Foreign Exchange – Theory and Practice

May 22, 2010

PREFACE

Foreign exchange is attracting more attention than any other branch of finance. The interest evinced is universal and is no longer confined to bankers, international traders, and financial writers, as was the case prior to the Great War. The general public is showing a decided disposition to acquaint itself with the dislocation of the exchanges brought about by the conflict. Nor is this interest likely to suffer much abatement, since normal conditions will probably not be restored in international financial relations for a number of years to come.

The author’s purpose in this book is to explain the operation of the exchanges between gold-standard countries under normal financial conditions. In a subsequent volume now in preparation he proposes to deal with the present irregular position of the exchanges, and with exchange between a gold-and a silver-standard country.
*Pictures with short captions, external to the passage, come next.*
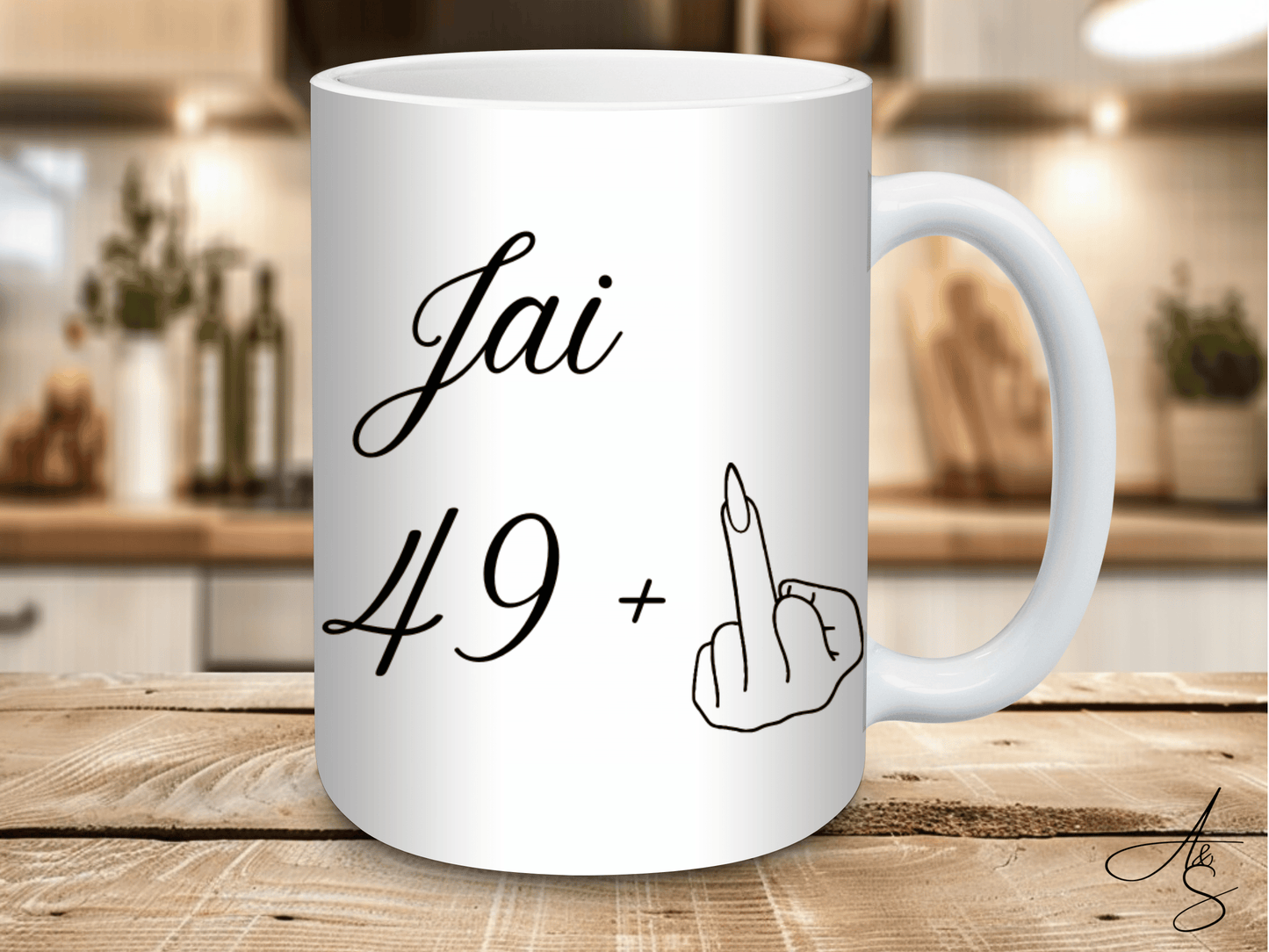 Tasse d'anniversaire humour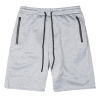 RUDOLPH SPORTSWEAR SWEAT SHORTS H. GREY - MS1007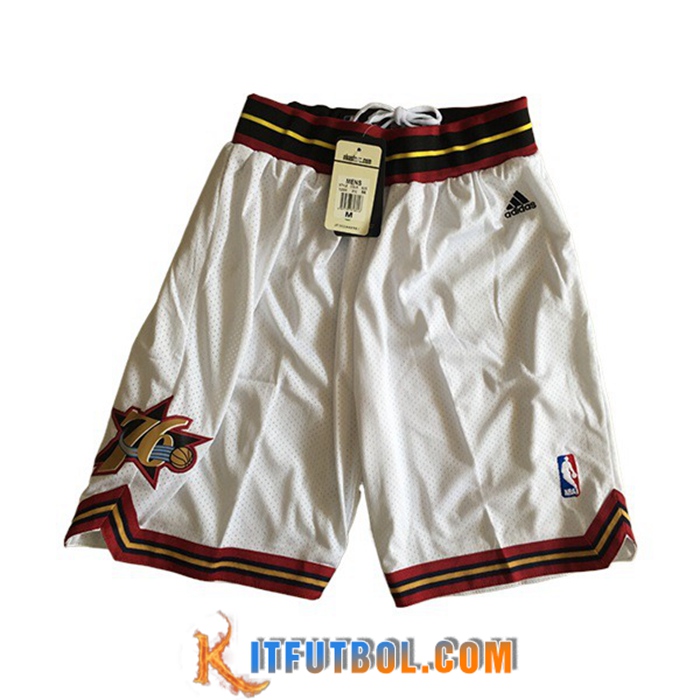 Cortos NBA Philadelphia 76ers Blanco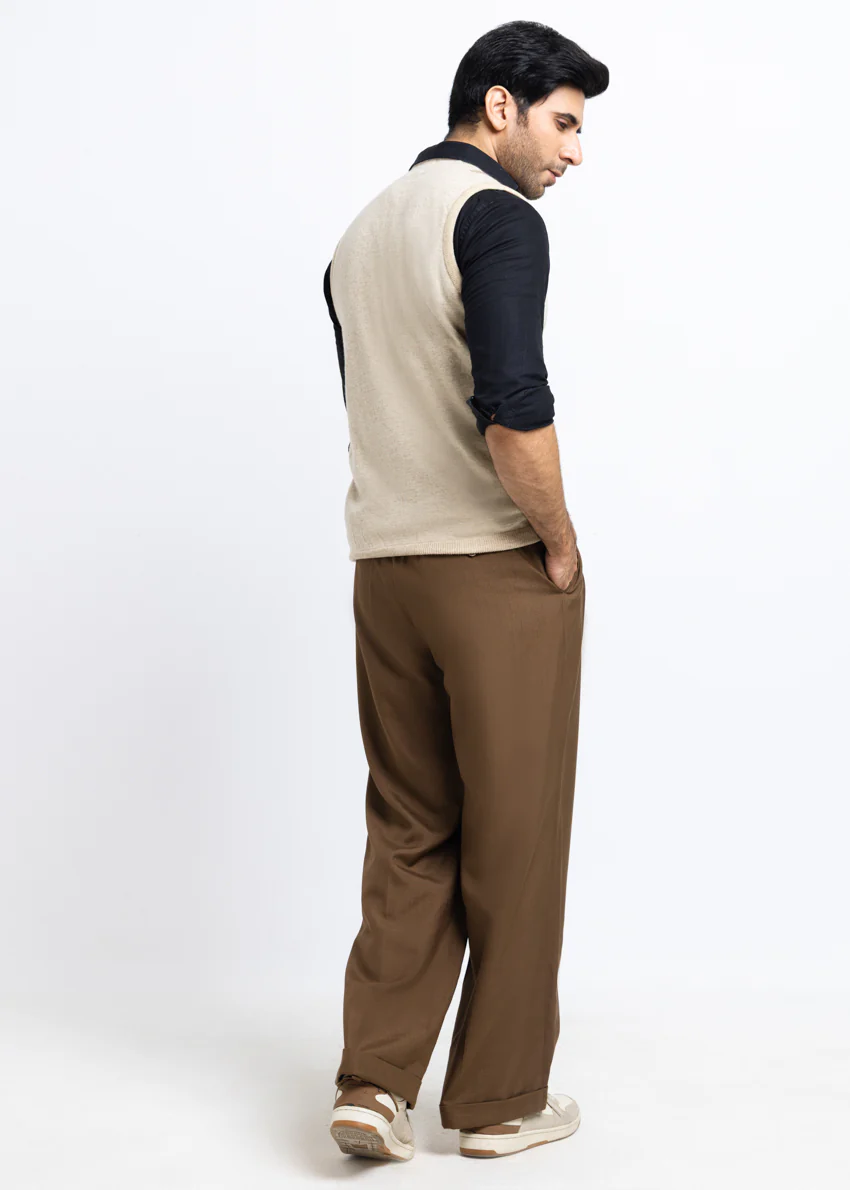 Swan-V-Neck Sando Sweater (657-14) - Image 2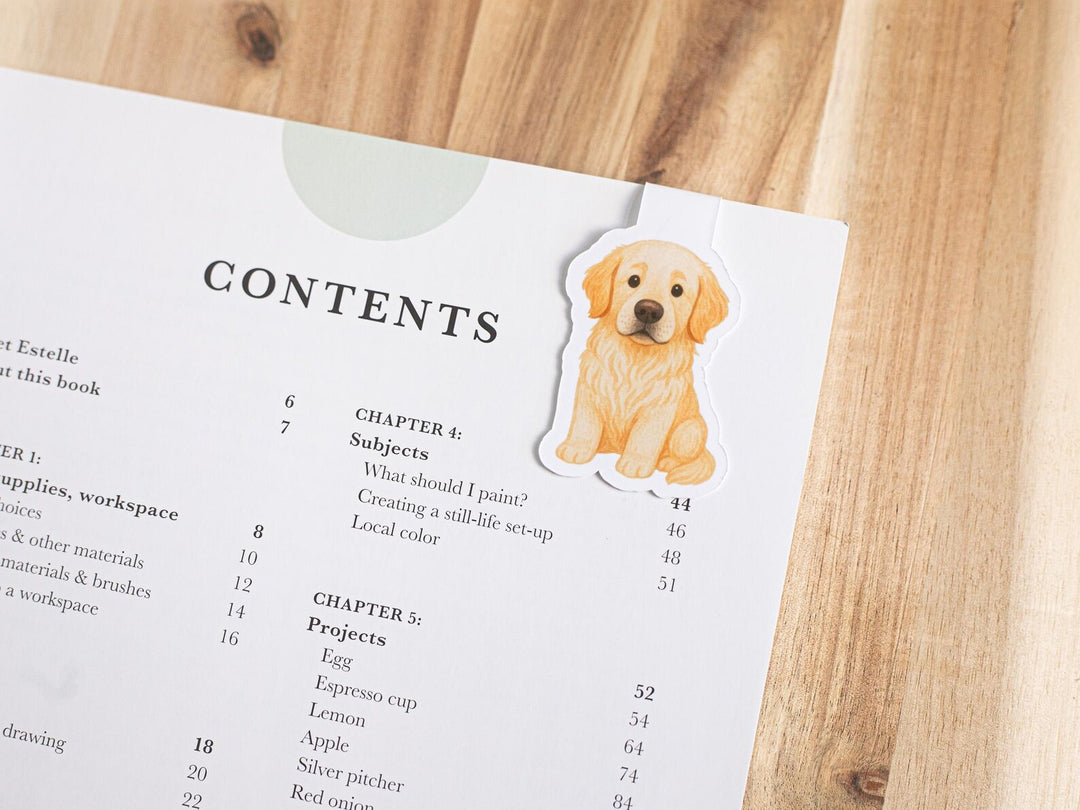 Personalized Magnetic Pet Bookmarks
It is quite impossible, however, to gain an adequate appreciation of the problem presented by the deranged condition of the exchanges unless their operation under the normal functioning of the commercial and financial machinery of the world is first thoroughly understood.

The subject of foreign exchange, even in its greatest refinements, offers comparatively little difficulty after the student has once mastered the meaning of the gold standard, or what constitutes money in a gold-standard country. The present volume, therefore, attempts to give in the introductory chapter a complete understanding of this fundamental principle of all finance.

A hypothetical method of treatment is followed in the theoretical part of the discussion. This approach has proved of great assistance to the writer in evolving the various principles laid down in the book, and will enable the reader to follow the course of reasoning more closely. In the last few chapters the hypothetical assumptions are abolished and attention is given to practical foreign exchange operations as conducted in the New York market.